# What the exercise asks
In the records below, repeat word for word only the lines starting at the one that contains "A covered porch" and ending at the one that contains "Experienced, businesswoman working", pictures excluded.

# Exercise materials
++++++++++++++++++++
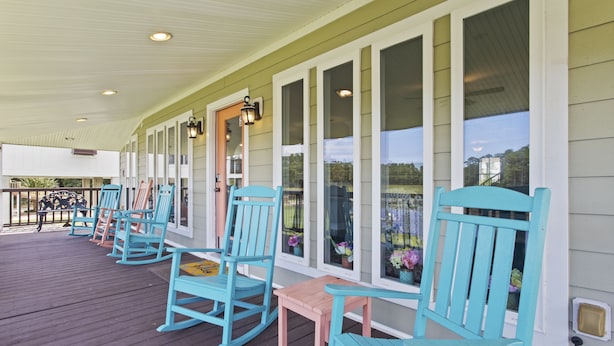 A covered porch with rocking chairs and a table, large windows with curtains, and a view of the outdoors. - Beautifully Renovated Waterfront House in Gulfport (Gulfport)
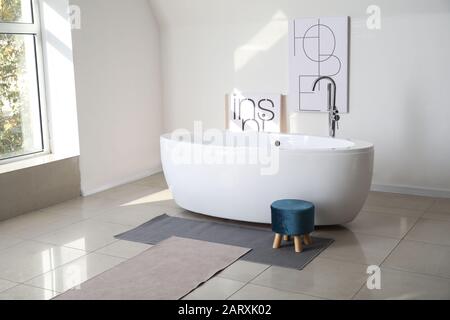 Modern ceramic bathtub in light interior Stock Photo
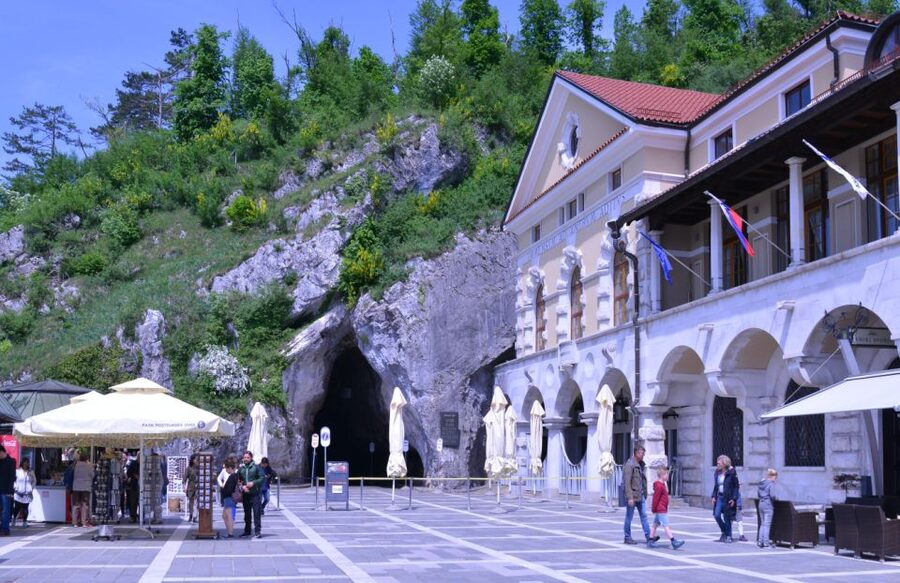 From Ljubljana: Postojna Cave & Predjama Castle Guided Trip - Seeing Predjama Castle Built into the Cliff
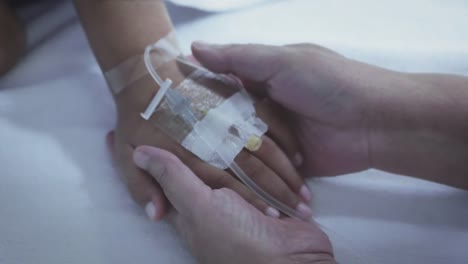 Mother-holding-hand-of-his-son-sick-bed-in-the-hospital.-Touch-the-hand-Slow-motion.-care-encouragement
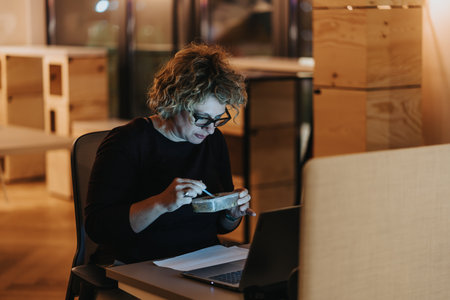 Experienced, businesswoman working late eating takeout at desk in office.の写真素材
++++++++++++++++++++
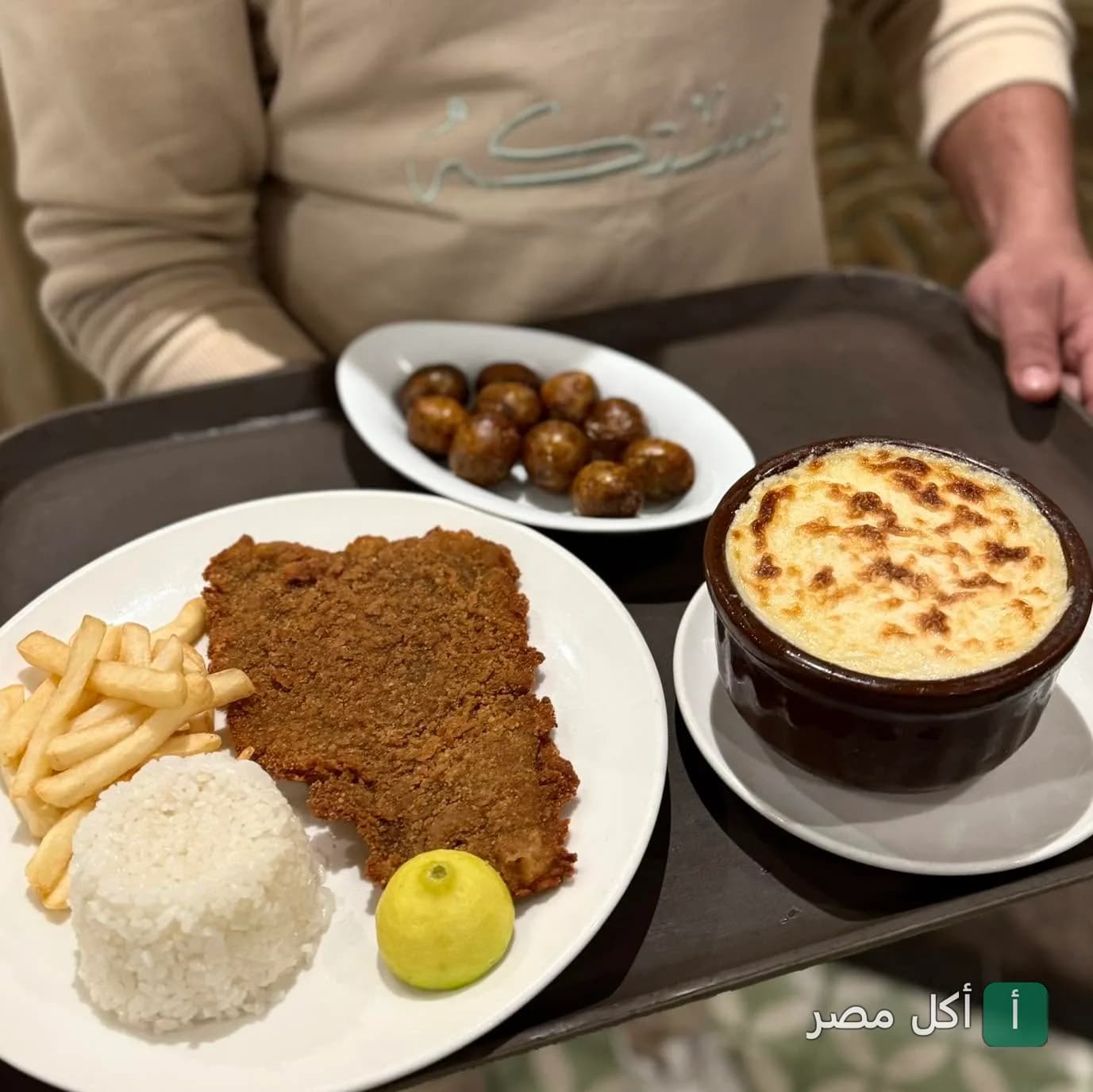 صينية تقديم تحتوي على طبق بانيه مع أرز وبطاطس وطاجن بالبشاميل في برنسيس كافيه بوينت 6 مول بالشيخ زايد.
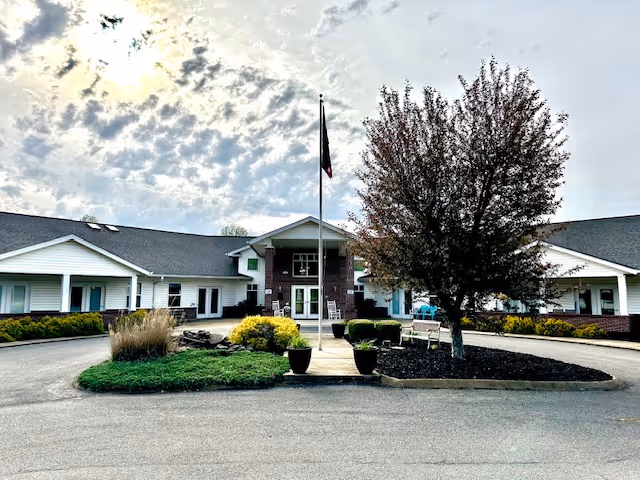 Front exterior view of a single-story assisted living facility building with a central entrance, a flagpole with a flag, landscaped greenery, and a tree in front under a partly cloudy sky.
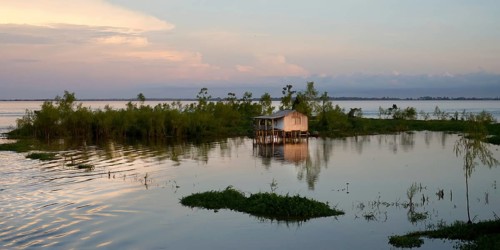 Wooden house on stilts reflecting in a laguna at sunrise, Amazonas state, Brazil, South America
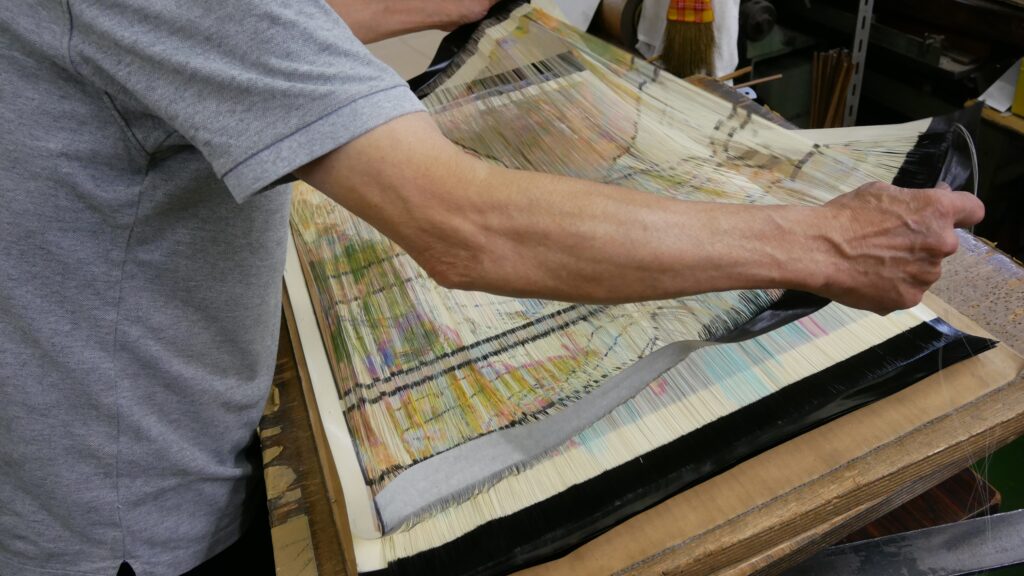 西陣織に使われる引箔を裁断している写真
++++++++++++++++++++
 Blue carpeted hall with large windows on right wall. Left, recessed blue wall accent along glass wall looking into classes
++++++++++++++++++++
# Answer box
 A covered porch with rocking chairs and a table, large windows with curtains, and a view of the outdoors. - Beautifully Renovated Waterfront House in Gulfport (Gulfport)
 Modern ceramic bathtub in light interior Stock Photo
 From Ljubljana: Postojna Cave & Predjama Castle Guided Trip - Seeing Predjama Castle Built into the Cliff
 Mother-holding-hand-of-his-son-sick-bed-in-the-hospital.-Touch-the-hand-Slow-motion.-care-encouragement
 Experienced, businesswoman working late eating takeout at desk in office.の写真素材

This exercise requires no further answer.